Kerecis’ model—based on scalable production of Icelandic cod-derived skin, powered by renewable energy and aligned with the UN Sustainable Development Goals—offers a sustainability narrative that may support future access discussions in both U.S. and EU markets. Its low bioburden, high biocompatibility, and predictable cost structure enhance its appeal in settings that favor standardized care delivery under bundled payments or fixed fee schedules.
As Coloplast integrates Kerecis into its broader product suite, opportunities may emerge to expand the fish-skin platform beyond wound care, potentially into surgical applications, burn treatment, or orthopedics. The avoidance of xenogeneic viral risk and simplified regulatory path make the technology attractive for pipeline expansion across geographies.
From a market optics perspective, Coloplast’s strategic bet now looks especially prescient. While other acquirers may find themselves grappling with post-policy rationalization of biologics portfolios, Coloplast enters 2026 with a U.S. platform that is already aligned with regulatory, pricing, and clinical expectations.
What the CMS LCD withdrawal means for Kerecis, Coloplast, and the biologics wound care market
The CMS decision to withdraw proposed LCDs removes short-term reimbursement headwinds for outpatient wound care products. For Kerecis, the outcome validates a commercial strategy built around pricing transparency, coverage breadth, and real-world data. The fish-skin platform now enters 2026 with a strong competitive foundation under fixed reimbursement rules, while many peers will need to reassess pricing, packaging, and clinical justification strategies. As Coloplast integrates Kerecis more fully into its wound and tissue repair operations, the next phase will likely involve pipeline expansion and greater push into bundled care models that reward predictable healing outcomes.

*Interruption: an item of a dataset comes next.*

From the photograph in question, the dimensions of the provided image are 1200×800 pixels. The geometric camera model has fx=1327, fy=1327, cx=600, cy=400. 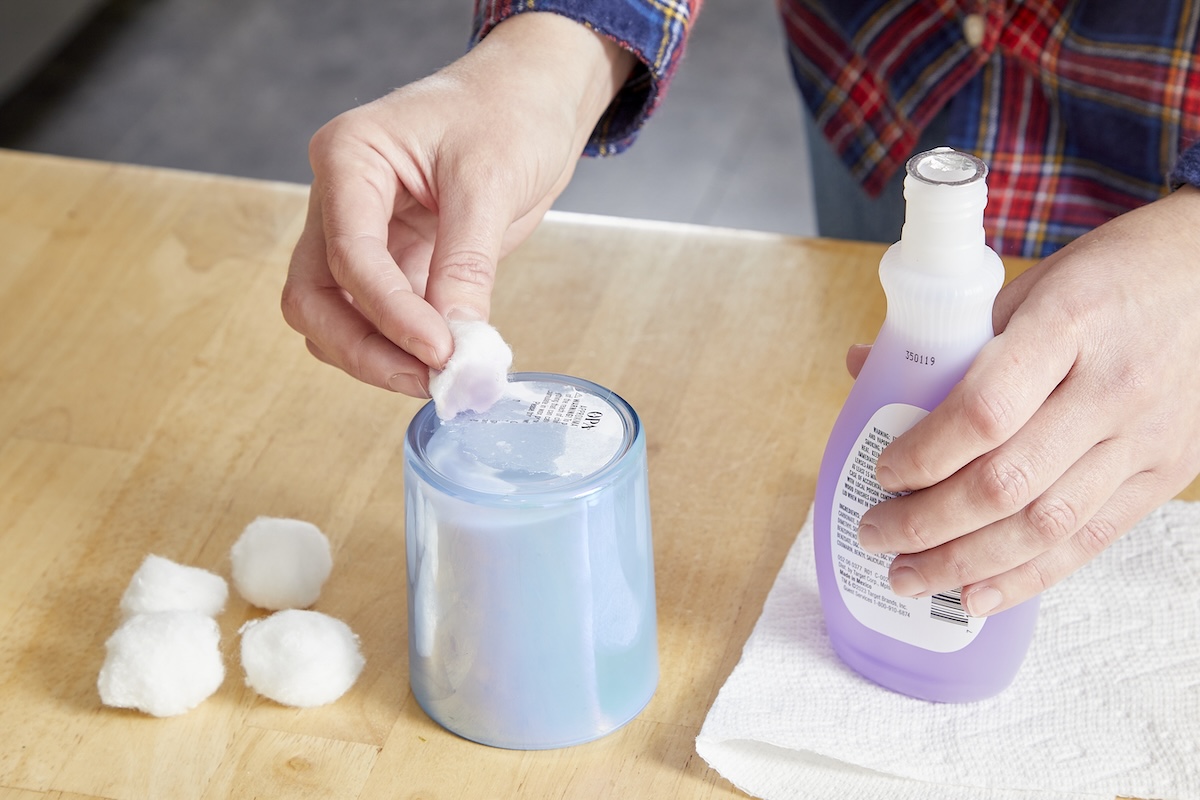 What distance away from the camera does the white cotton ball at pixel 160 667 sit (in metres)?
0.59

What Kerecis’ regulatory momentum means for wound-care competitors and reimbursement strategy
- The Centers for Medicare & Medicaid Services’ decision to withdraw proposed LCDs removes imminent reimbursement restrictions and preserves broader coverage across wound types.
- Kerecis is strategically aligned with both legacy coverage and the new $127/cm² outpatient fixed rate, giving it a margin and compliance edge over higher-priced biologics.
- The fish-skin graft platform remains covered for pressure ulcers, post-surgical wounds, and diabetic ulcers, preserving its access to high-cost, high-need patient segments.
- Competitors relying on premium pricing or less differentiated products may face pricing pressure and market share losses in outpatient settings.
- Kerecis benefits from Coloplast’s experience in reimbursement-focused market shaping, especially in evolving value-based care environments.
- CMS’ retreat likely reflects provider and policy pushback, but broader pricing discipline in outpatient biologics remains on the long-term agenda.
- Clinics may become more selective in product choices based on ease of documentation, post-application support, and audit readiness—areas where Kerecis has invested.
- Kerecis’ strong real-world data and simplified clinical profile position it for favorable placement in any future national LCD restructuring.